## Exercise directions
Once you reach the line holding "Tablette graphique LCD", write out that line and every later one exactly, ending with the last line of the data; write nothing else.

►

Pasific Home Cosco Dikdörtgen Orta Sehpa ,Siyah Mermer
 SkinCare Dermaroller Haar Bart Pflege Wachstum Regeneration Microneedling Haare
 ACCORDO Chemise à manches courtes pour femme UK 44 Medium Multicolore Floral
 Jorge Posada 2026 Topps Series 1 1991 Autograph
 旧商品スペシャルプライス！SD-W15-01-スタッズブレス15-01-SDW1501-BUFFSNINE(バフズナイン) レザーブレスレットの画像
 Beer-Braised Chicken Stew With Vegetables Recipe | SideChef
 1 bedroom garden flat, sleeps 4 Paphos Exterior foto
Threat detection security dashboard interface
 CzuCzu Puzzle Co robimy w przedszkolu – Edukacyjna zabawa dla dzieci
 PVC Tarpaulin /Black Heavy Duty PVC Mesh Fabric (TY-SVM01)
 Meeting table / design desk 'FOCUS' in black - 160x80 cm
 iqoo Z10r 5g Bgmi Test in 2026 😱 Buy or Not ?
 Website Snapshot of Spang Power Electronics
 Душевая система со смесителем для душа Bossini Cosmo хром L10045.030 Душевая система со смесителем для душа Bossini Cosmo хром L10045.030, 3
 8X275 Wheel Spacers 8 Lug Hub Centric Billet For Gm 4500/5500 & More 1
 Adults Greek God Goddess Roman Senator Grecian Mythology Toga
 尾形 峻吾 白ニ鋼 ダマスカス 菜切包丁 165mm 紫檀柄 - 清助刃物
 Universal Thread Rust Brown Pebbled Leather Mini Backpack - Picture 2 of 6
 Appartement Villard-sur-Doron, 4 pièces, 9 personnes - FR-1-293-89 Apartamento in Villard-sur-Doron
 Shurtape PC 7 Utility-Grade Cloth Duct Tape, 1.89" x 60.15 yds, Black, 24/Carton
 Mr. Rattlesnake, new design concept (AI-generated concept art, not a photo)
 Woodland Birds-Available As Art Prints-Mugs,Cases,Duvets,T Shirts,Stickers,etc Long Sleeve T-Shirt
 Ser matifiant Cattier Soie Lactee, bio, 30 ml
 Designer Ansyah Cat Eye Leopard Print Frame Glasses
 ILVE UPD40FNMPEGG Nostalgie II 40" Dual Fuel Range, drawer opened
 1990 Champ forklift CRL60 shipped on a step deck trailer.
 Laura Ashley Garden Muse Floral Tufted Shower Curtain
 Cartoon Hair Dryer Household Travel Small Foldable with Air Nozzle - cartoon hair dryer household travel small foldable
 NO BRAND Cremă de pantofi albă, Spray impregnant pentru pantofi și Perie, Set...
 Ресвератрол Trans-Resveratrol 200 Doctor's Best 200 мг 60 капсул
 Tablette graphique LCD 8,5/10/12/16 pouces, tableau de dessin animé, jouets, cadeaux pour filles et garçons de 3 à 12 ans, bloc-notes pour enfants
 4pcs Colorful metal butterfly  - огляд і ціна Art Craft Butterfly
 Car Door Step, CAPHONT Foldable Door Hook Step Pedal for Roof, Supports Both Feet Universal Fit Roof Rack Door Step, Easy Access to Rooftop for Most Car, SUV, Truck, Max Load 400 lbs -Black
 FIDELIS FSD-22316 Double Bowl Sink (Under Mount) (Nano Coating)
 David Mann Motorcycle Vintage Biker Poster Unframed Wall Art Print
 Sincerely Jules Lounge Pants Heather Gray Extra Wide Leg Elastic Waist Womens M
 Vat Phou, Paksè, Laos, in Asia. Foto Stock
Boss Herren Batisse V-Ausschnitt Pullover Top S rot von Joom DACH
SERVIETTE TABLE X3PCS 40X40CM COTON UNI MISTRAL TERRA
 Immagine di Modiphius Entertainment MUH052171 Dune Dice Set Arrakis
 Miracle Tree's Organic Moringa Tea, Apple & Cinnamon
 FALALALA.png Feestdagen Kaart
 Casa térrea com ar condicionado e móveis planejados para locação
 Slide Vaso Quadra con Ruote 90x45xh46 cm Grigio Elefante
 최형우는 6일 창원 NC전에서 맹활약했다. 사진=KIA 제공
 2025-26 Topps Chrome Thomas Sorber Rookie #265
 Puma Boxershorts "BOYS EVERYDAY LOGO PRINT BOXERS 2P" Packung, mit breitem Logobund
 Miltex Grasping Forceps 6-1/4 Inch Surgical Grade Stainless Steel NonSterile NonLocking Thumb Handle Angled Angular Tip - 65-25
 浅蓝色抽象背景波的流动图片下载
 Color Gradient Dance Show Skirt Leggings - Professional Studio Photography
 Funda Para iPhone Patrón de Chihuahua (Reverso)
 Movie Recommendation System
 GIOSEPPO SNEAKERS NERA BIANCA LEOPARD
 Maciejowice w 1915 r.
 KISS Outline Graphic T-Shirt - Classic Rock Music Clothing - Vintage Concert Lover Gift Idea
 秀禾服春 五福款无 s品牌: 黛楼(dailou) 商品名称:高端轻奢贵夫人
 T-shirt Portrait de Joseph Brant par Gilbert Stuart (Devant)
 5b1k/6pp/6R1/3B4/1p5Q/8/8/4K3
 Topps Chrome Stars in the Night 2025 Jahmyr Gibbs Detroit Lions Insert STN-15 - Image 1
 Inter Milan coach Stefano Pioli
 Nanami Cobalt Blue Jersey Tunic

◄

## Exercise answer
 Tablette graphique LCD 8,5/10/12/16 pouces, tableau de dessin animé, jouets, cadeaux pour filles et garçons de 3 à 12 ans, bloc-notes pour enfants
 4pcs Colorful metal butterfly  - огляд і ціна Art Craft Butterfly
 Car Door Step, CAPHONT Foldable Door Hook Step Pedal for Roof, Supports Both Feet Universal Fit Roof Rack Door Step, Easy Access to Rooftop for Most Car, SUV, Truck, Max Load 400 lbs -Black
 FIDELIS FSD-22316 Double Bowl Sink (Under Mount) (Nano Coating)
 David Mann Motorcycle Vintage Biker Poster Unframed Wall Art Print
 Sincerely Jules Lounge Pants Heather Gray Extra Wide Leg Elastic Waist Womens M
 Vat Phou, Paksè, Laos, in Asia. Foto Stock
Boss Herren Batisse V-Ausschnitt Pullover Top S rot von Joom DACH
SERVIETTE TABLE X3PCS 40X40CM COTON UNI MISTRAL TERRA
 Immagine di Modiphius Entertainment MUH052171 Dune Dice Set Arrakis
 Miracle Tree's Organic Moringa Tea, Apple & Cinnamon
 FALALALA.png Feestdagen Kaart
 Casa térrea com ar condicionado e móveis planejados para locação
 Slide Vaso Quadra con Ruote 90x45xh46 cm Grigio Elefante
 최형우는 6일 창원 NC전에서 맹활약했다. 사진=KIA 제공
 2025-26 Topps Chrome Thomas Sorber Rookie #265
 Puma Boxershorts "BOYS EVERYDAY LOGO PRINT BOXERS 2P" Packung, mit breitem Logobund
 Miltex Grasping Forceps 6-1/4 Inch Surgical Grade Stainless Steel NonSterile NonLocking Thumb Handle Angled Angular Tip - 65-25
 浅蓝色抽象背景波的流动图片下载
 Color Gradient Dance Show Skirt Leggings - Professional Studio Photography
 Funda Para iPhone Patrón de Chihuahua (Reverso)
 Movie Recommendation System
 GIOSEPPO SNEAKERS NERA BIANCA LEOPARD
 Maciejowice w 1915 r.
 KISS Outline Graphic T-Shirt - Classic Rock Music Clothing - Vintage Concert Lover Gift Idea
 秀禾服春 五福款无 s品牌: 黛楼(dailou) 商品名称:高端轻奢贵夫人
 T-shirt Portrait de Joseph Brant par Gilbert Stuart (Devant)
 5b1k/6pp/6R1/3B4/1p5Q/8/8/4K3
 Topps Chrome Stars in the Night 2025 Jahmyr Gibbs Detroit Lions Insert STN-15 - Image 1
 Inter Milan coach Stefano Pioli
 Nanami Cobalt Blue Jersey Tunic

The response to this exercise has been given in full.